[Dataset records]

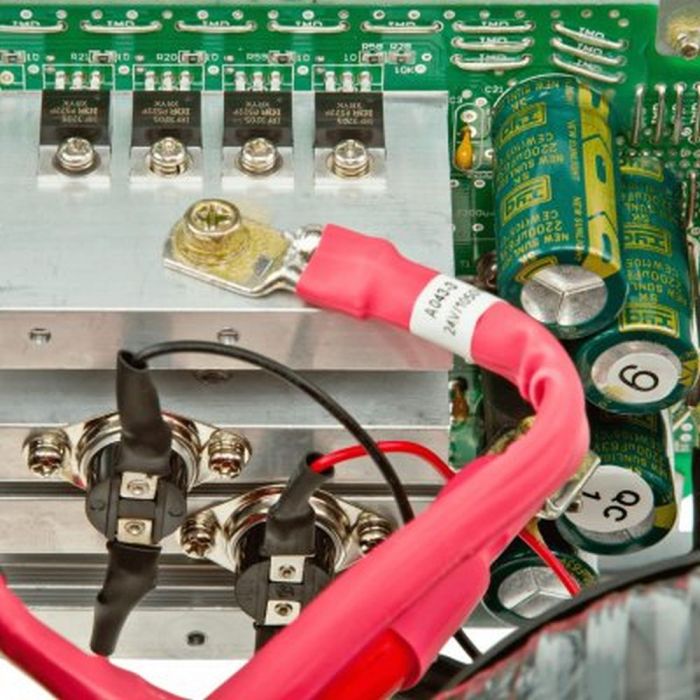Джерело безперебійного живлення Logicpower LPY-B-PSW-1000 ВА / 700 Вт лінійно-інтерактивне з правильною синусоїдою
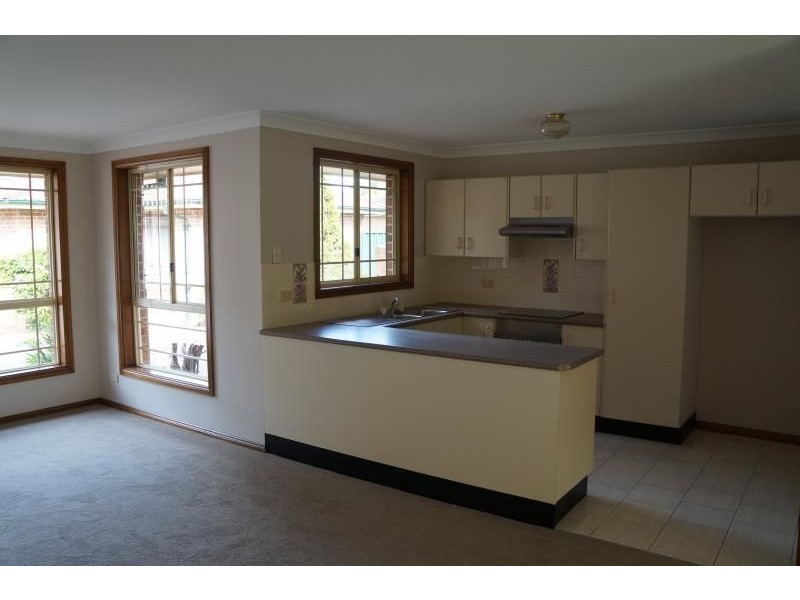 8/3 Carinya Place, Moorebank NSW 2170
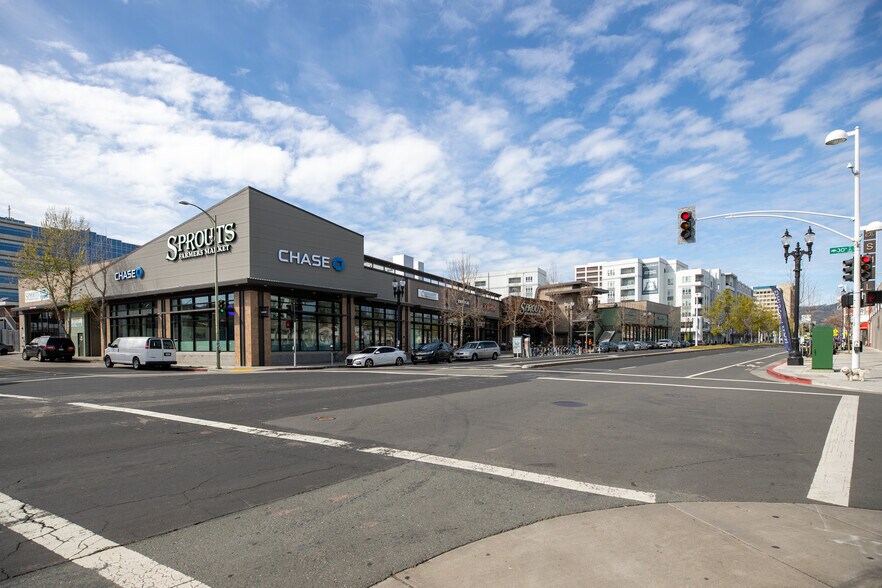 More Photos Of 3050-3052 Broadway, Oakland Storefront For Sale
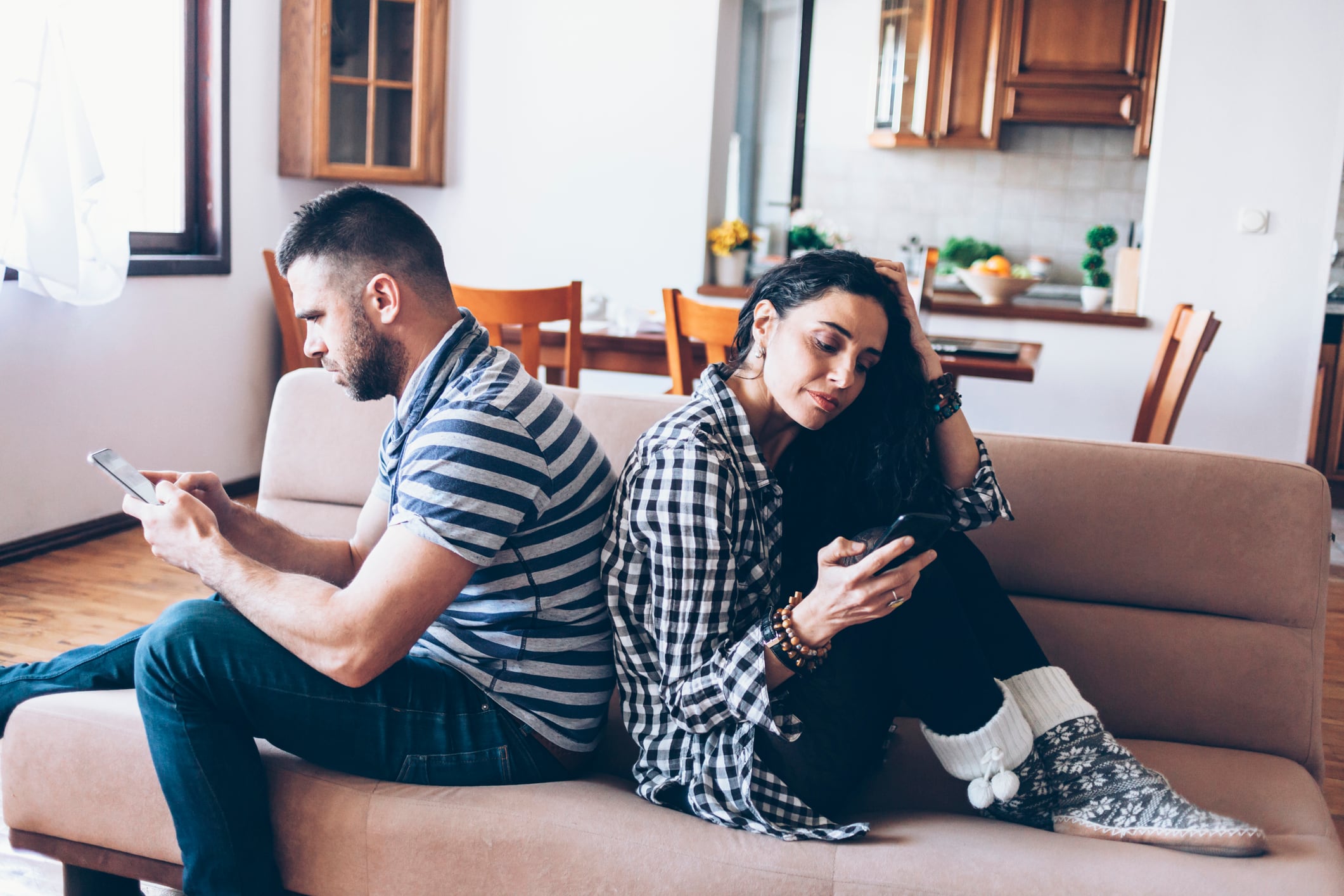 Tomar decisiones apresuradas tras una discusión podría empeorar la relación, indican especialistas.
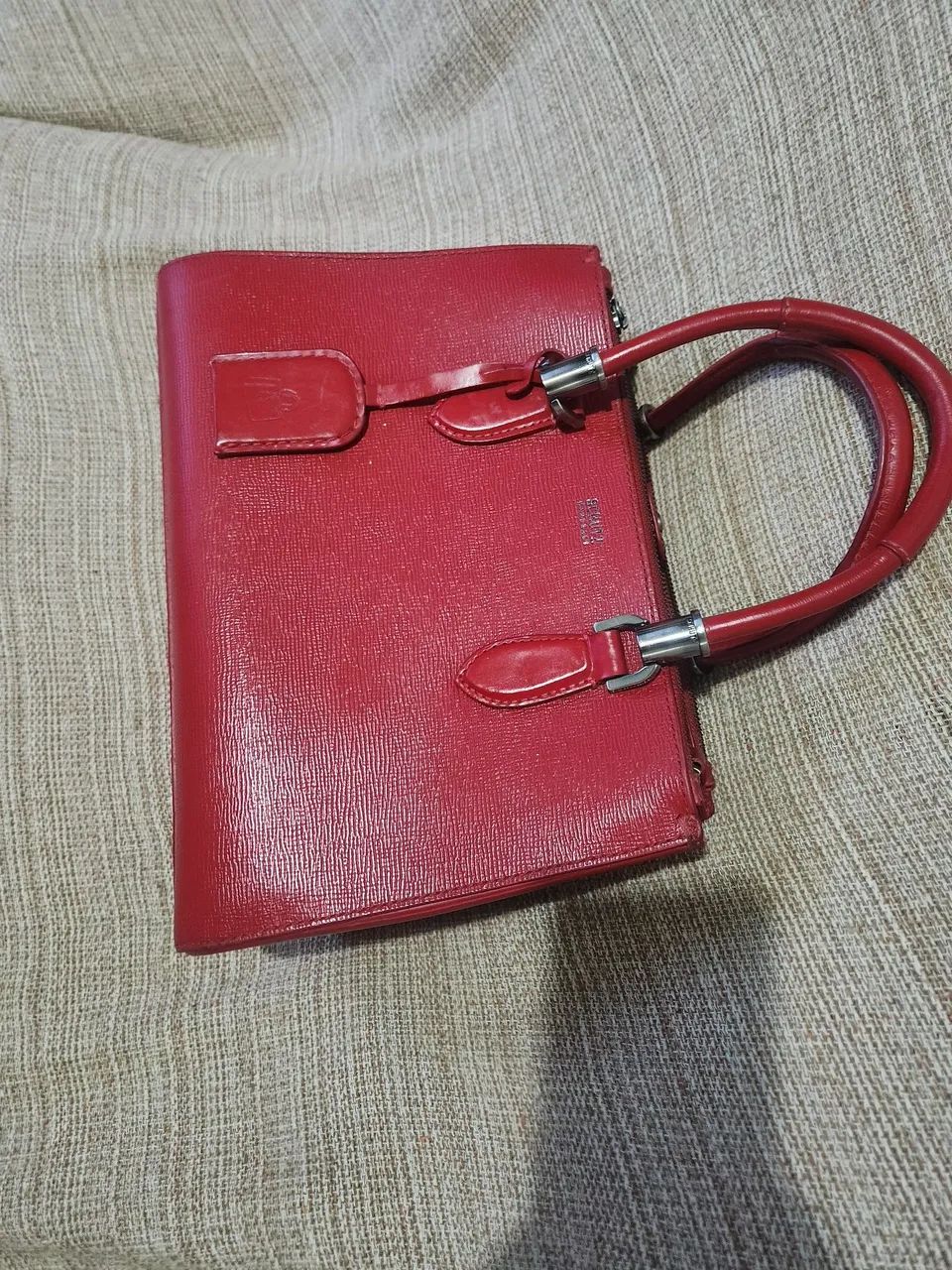 Bolsa couro schuts seminova  - Foto 2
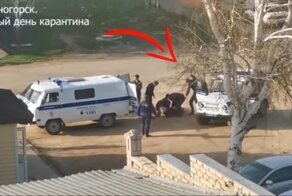 На алтайских полицейских завели уголовные дела за избиение нарушителя самоизоляции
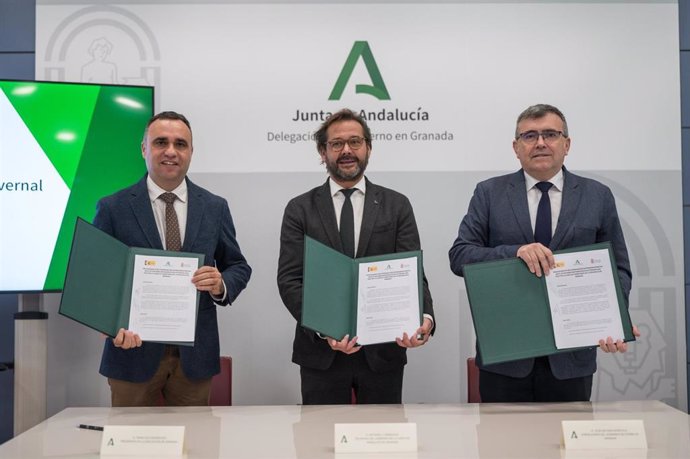 El presidente de la Diputación de Granada, Francis Rodríguez, el delegado del Gobierno andaluz, Antonio Granados, y el subdelegado del Ejecutivo central, José Antonio Montilla, de izquierda a derecha en la imagen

Exercise —
Pictures are not part of the copy; transcribe the rest of the data verbatim.

Answer box —
Джерело безперебійного живлення Logicpower LPY-B-PSW-1000 ВА / 700 Вт лінійно-інтерактивне з правильною синусоїдою
 8/3 Carinya Place, Moorebank NSW 2170
 More Photos Of 3050-3052 Broadway, Oakland Storefront For Sale
 Tomar decisiones apresuradas tras una discusión podría empeorar la relación, indican especialistas.
 Bolsa couro schuts seminova  - Foto 2
 На алтайских полицейских завели уголовные дела за избиение нарушителя самоизоляции
 El presidente de la Diputación de Granada, Francis Rodríguez, el delegado del Gobierno andaluz, Antonio Granados, y el subdelegado del Ejecutivo central, José Antonio Montilla, de izquierda a derecha en la imagen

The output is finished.